Exploring Advanced Generics in C#: A Practical Guide with Examples

Generics in C# are one of the most powerful features of the language, enabling developers to write flexible, type-safe, and reusable code. This article aims to provide a guided tour of some advanced topics in C# generics, such as constraints, covariance and contravariance, and custom generic interfaces.

  1. Generic Constraints
  2. Generic Constraints with Multiple Types
  3. Covariance and Contravariance
  4. Custom Generic Interfaces
  5. Generic Methods
  6. Generic Collections Customization

1. Generic Constraints

We use generic constraints to restrict the types that can be used as arguments for a generic type parameter.
For example, let’s say my company has employees and products, and I need different printing functions to print employee and product information, respectively.
By using constraints, I can ensure that each printing function only accepts the correct class.

Now, let’s take a look at my printing classes for employees and products.

public class PrintEmployeeInformation<T> where T : class, IEmployee
{ 
  public  void DisplayIdAndName(T Entity)
    {
        Console.WriteLine($"Employee ID: {Entity.Id} , Employee Name: {Entity.Name}, Description: {Entity.Description}");
    }

}
public class PrintProductInformation<T> where T : class, IProduct
{
    public void DisplayIdAndName(T Entity)
    {
        Console.WriteLine($"Product ID: {Entity.Id} , Product Name: {Entity.Name}, Description: {Entity.Description}");
    }

}

As you can see, I set a constraint for the employee printing class to only accept types that implement the IEmployee interface, and similarly, the product printing class only accepts types that implement the IProduct interface.

For example, let’s say I have different employee classes, but both implement the IEmployee interface.

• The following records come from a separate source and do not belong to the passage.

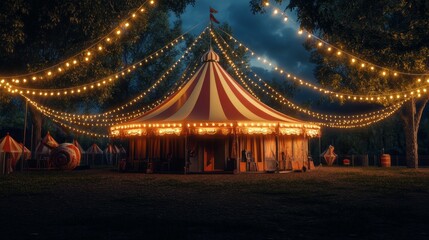 A large circus tent with lights hanging from the top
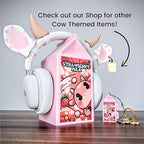 Milk Carton Headphone Stand - Universal Headset Holder - Cute Headphone Stand Hanger - Kawaii Desk Accessories - Pink Gaming Setup - Sturdy Desk Headset Mount (Oat Milk)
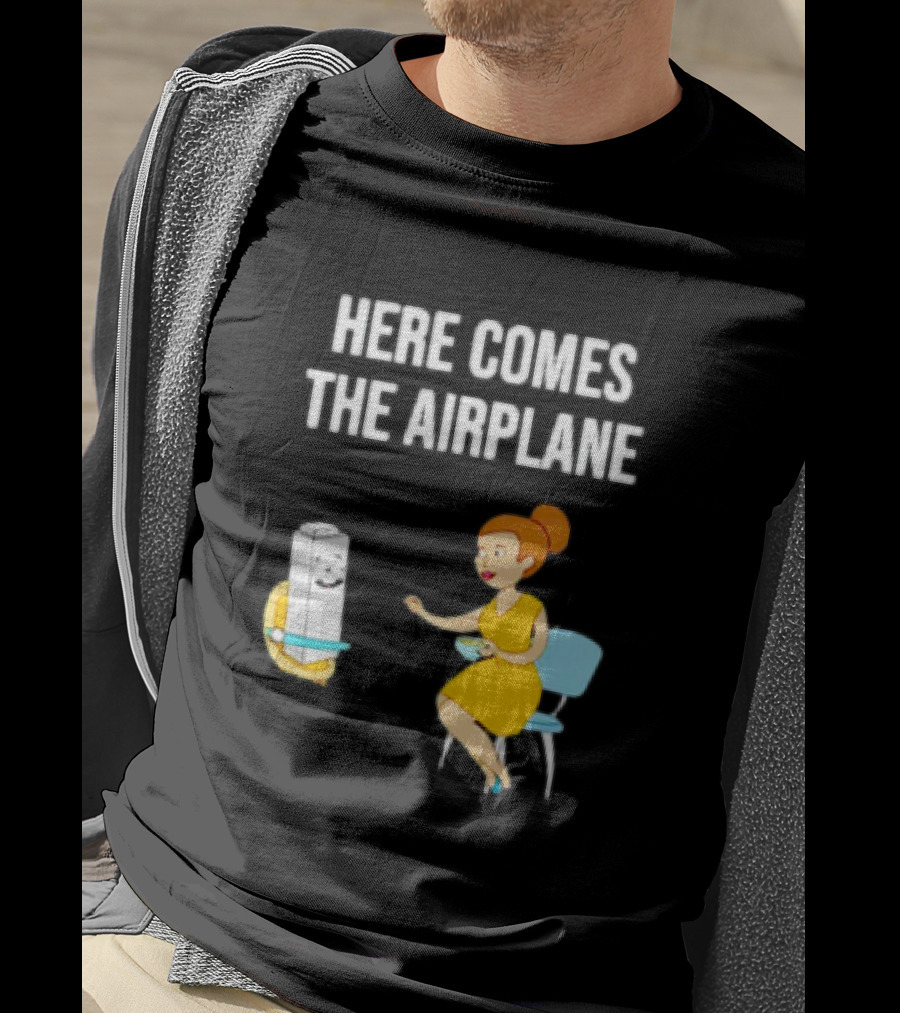 Here Comes The Airplane Cartoon Toilet Paper And Woman On Chair T-Shirt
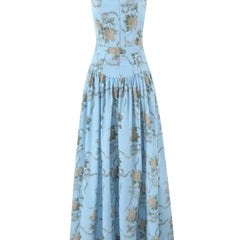Light blue floral midi dress with spaghetti straps, fitted waist, tiered skirt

Since they meet the constraint, both classes can be passed into the PrintEmployeeInformation class.

public class EmployeeIT : IEmployee
{
    public int Id { get; set; }
    public string Name { get; set; }
    public string Description { get; set; }

    public void Programming()
    {
        Console.WriteLine("I can do programming");
    }
}

public class EmployeeFinance : IEmployee
{
    public int Id { get; set; }
    public string Name { get; set; }
    public string Description { get; set; }

    public void FInanceReport()
    {
        Console.WriteLine("I can do finance report");
    }
}

//Main program

EmployeeIT emp = new EmployeeIT
{
    Id = 101,
    Name = "Alice",
    Description = "IT Department" 
};

EmployeeFinance emp2 = new EmployeeFinance
{
    Id = 102,
    Name = "Bob",
    Description = "Finance Department"
};

PrintEmployeeInformation<EmployeeIT> printer1 = new PrintEmployeeInformation<EmployeeIT>();
printer1.DisplayIdAndName(emp);

PrintEmployeeInformation<EmployeeFinance> printer2 = new PrintEmployeeInformation<EmployeeFinance>();
printer2.DisplayIdAndName(emp2);

Output

Generic constants

Same for product

public class Product : IProduct
{
    public int Id { get; set; }
    public string Name { get; set; }
    public string Description { get; set; } 
    public double Price { get; set; }

}

Product product = new Product
{
    Id = 2001,
    Name = "T-Shirt",
    Description="Green Colour",
    Price=30.0
};

//Main program

PrintProductInformation<Product> printer3 = new PrintProductInformation<Product>();
printer3.DisplayIdAndName(product);

Output

Product

It wouldn’t work if I passed a class that didn’t meet the constraint. This OOP feature ensures the code is safer and helps prevent unpredictable errors.

Product Class

2. Generic Constraints with Multiple Types

Let’s try to add more than one constraint.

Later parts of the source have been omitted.